Howard Jacobson’s novelistic riff on The Merchant of Venice for the Hogarth Shakespeare project turns, unsurprisingly, on what makes some people (in Jonathan Miller’s memorable self-describing formulation) Jew-ish. Is it the gentile’s anti-Semitism, with its manifestations varying from relatively polite social snubs to persecutions down the centuries, culminating in the Holocaust, that defines Jew-ishness? Or is it the self-identifying Jew’s own attitude or beliefs that make him part of a clan? (The idea that Jews are a ‘race’ is too silly to consider.

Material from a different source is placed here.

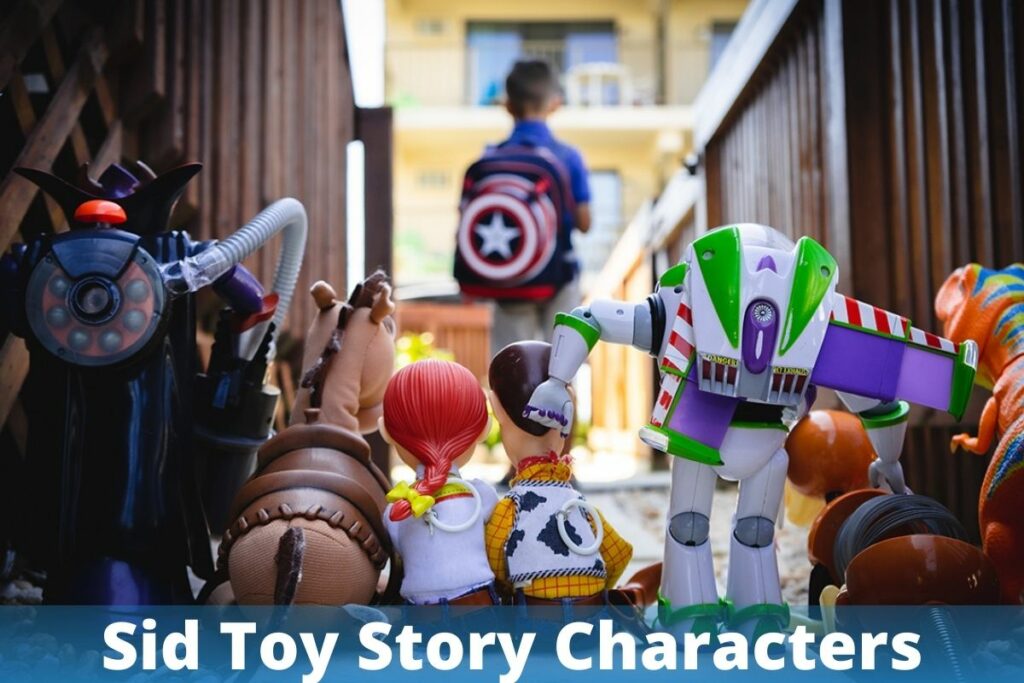 Sid Toy Story Characters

My own DNA profile shows that 97 per cent of my genes were probably shared by Jews of Biblical times, though my family has been blond and blue-eyed for at least the five generations I’ve met.)

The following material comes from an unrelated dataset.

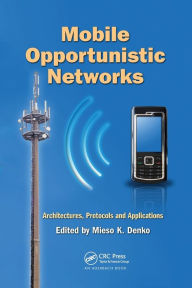Title: Mobile Opportunistic Networks: Architectures, Protocols and Applications / Edition 1, Author: Mieso K. Denko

The winner of the Man Booker prize for The Finkler Question pulls off a neat trick in this almost perversely serious comic novel, creating a parallel world to Shakespeare’s Venice in the wealthy, cultured Golden Triangle of Cheshire, and peopling it with parallel-ish characters. He matches the bereaved Shylock with the second-generation wealthy philanthropist Simon Strulovitch, the daughter Jessica with ‘Strulo’s’ wannabe performance artist child, Beatrice. He pairs Portia with ‘Plury’ — in full, Anna Livia Plurabelle Cleopatra A Thing of Beauty Is A Joy Forever Christine — and Belmont with her Old Belfry.
Plury collects celebrities, and wangles them to appear on her television programme, The Kitchen Counsellor. Plury has discarded the provision of her father’s will that enjoins three tests for suitors, substituting luxury cars for the gold and silver and a VW Beetle for the leaden cask, and chooses the pretty, feckless Barnaby, who, masquerading as a mechanic, chooses to work on the VW. He’s been tipped off to do this by D’Anton (Antonio), a rich, handsome man of taste and unsettled sexuality, born in Guinea.